In his 2004 book “The Future of Work,” Thomas Malone, renowned organizational theorist and founding director of the MIT Center for Collective Intelligence, noted that new information technologies and inexpensive communications make it possible to distribute decision making more widely in organizations – supporting a shift from traditional centralized organizational chains-of-command to loose workplace hierarchies, democracies and markets. Malone uses Wikipedia as an example of how a group of loosely connected individuals, each with specialized knowledge, can collaboratively create an output that is exponentially more valuable than their individual contributions. This concept of shared or group intelligence that emerges from collaboration is an example of collective intelligence.

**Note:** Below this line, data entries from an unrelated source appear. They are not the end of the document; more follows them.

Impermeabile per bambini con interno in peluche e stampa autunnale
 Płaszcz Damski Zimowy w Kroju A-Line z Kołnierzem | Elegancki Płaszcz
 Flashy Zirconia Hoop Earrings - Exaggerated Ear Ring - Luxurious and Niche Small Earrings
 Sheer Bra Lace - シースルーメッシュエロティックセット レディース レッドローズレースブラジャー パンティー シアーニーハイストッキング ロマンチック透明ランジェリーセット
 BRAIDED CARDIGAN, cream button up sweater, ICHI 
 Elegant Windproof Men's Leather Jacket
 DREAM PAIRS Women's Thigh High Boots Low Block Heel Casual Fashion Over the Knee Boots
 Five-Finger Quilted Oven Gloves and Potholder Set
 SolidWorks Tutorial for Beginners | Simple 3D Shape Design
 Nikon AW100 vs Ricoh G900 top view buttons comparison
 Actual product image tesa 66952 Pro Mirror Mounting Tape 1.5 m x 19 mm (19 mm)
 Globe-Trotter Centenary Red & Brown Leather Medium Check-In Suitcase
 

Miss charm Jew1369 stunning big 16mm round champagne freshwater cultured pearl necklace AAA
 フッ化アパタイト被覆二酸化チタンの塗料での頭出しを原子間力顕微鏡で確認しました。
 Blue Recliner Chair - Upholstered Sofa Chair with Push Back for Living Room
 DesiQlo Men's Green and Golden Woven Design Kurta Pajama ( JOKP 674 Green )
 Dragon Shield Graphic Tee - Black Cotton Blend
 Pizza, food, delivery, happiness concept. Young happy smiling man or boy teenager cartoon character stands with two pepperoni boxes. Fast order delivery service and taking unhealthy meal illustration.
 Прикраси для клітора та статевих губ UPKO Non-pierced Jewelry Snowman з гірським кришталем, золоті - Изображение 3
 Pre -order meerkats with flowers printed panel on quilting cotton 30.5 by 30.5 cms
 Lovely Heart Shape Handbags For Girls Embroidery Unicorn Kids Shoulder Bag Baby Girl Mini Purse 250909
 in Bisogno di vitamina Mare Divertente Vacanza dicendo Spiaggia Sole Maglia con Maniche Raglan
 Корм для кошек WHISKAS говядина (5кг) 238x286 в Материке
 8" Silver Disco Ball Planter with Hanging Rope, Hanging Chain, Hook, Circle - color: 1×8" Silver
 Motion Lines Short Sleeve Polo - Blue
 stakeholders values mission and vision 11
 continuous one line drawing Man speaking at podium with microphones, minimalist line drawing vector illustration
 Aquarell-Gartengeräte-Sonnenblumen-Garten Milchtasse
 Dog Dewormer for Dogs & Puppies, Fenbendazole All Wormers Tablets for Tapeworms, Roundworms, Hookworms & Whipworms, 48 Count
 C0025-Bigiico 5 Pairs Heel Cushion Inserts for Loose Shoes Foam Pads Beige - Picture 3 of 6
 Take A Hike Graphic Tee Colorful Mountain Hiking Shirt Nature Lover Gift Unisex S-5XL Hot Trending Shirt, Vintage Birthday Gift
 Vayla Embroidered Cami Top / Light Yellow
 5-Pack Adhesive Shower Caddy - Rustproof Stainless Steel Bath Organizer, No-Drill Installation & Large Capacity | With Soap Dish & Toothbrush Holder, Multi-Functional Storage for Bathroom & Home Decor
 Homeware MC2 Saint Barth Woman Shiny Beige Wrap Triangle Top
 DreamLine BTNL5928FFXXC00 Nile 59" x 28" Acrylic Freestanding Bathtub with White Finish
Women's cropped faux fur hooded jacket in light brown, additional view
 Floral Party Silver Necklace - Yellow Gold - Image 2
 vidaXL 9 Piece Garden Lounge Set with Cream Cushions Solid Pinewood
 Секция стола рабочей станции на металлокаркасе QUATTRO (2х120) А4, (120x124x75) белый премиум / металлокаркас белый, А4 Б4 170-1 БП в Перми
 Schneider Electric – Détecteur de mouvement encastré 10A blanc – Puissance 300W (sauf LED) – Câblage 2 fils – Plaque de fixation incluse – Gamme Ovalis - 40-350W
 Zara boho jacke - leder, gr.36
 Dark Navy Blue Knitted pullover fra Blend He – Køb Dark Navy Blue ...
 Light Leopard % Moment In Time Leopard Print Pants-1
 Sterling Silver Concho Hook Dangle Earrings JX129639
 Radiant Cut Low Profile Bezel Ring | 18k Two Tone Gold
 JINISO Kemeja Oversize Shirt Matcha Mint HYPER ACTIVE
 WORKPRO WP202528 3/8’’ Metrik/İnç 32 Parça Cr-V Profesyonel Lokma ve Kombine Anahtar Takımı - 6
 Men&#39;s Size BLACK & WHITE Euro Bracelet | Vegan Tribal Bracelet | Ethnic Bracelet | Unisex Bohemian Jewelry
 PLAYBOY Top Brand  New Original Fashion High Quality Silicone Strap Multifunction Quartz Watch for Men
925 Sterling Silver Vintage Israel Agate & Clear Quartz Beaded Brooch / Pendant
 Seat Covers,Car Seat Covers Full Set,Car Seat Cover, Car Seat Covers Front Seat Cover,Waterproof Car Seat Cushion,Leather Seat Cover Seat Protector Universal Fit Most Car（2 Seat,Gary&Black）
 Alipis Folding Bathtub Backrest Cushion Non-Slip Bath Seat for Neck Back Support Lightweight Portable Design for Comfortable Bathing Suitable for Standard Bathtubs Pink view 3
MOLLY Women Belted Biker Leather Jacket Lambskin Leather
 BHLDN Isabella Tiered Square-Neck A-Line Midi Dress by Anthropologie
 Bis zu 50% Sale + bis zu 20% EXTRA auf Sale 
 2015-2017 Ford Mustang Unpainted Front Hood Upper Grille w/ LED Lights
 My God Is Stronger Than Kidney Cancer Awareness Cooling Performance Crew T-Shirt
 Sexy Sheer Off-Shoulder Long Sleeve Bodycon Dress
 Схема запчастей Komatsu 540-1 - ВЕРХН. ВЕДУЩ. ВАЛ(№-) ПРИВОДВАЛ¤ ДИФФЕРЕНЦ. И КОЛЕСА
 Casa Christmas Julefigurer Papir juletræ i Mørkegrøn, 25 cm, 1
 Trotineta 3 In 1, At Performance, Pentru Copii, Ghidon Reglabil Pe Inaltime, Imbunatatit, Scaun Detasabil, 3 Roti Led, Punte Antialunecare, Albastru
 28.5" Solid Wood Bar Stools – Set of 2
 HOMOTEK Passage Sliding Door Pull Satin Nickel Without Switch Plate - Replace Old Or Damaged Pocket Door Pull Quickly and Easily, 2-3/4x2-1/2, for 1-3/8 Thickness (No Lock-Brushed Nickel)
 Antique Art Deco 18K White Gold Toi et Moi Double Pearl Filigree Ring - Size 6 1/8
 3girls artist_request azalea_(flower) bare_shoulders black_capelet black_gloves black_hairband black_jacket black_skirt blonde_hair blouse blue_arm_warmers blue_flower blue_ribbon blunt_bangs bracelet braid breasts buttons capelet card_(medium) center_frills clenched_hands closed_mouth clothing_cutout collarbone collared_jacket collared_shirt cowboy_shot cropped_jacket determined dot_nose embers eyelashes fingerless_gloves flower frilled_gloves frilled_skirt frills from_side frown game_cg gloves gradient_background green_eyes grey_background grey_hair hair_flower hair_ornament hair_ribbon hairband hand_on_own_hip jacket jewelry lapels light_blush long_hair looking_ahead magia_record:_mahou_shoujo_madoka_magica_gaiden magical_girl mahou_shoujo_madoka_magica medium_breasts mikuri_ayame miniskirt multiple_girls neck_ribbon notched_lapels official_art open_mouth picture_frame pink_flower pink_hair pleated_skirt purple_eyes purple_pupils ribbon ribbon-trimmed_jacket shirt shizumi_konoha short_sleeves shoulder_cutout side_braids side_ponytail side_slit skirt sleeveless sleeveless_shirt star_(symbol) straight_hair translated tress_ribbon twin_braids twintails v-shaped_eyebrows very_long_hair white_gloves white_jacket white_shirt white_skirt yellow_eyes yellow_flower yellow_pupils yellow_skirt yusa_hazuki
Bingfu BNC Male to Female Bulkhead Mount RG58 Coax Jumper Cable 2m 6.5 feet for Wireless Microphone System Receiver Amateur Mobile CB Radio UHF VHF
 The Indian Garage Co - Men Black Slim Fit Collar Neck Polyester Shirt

Fast forward nearly two decades and we’ve witnessed expanded examples of collective intelligence, whether it is the continued development of open-source software, the crowd-powered features of the Waze navigation app, or platforms like Innocentive that extend innovation challenges beyond the walls of a traditional organization. Each of these illustrate how technology and communications have created or augmented value from the diverse thoughts and inputs from diverse individuals. The organization of people, centered not around a direct-reporting chain but around a process, project, problem or opportunity, has delivered significant business value – increasing scalability, filling knowledge gaps, accelerating processes and reducing operational costs.

Enter Artificial Intelligence
Though Artificial Intelligence (AI) is more than 60 years old, it is only over the last decade or so that it has finally outlived its hype and began delivering on its promises. Today, big data is supported by the affordability of massive, scalable data storage solutions – economics that have spawned incredible growth in advanced analytics and machine learning capabilities. Accompanied by technological advancements that drastically increased computing power, AI use cases are now prevalent across nearly every financial services business function and across a growing number of industries.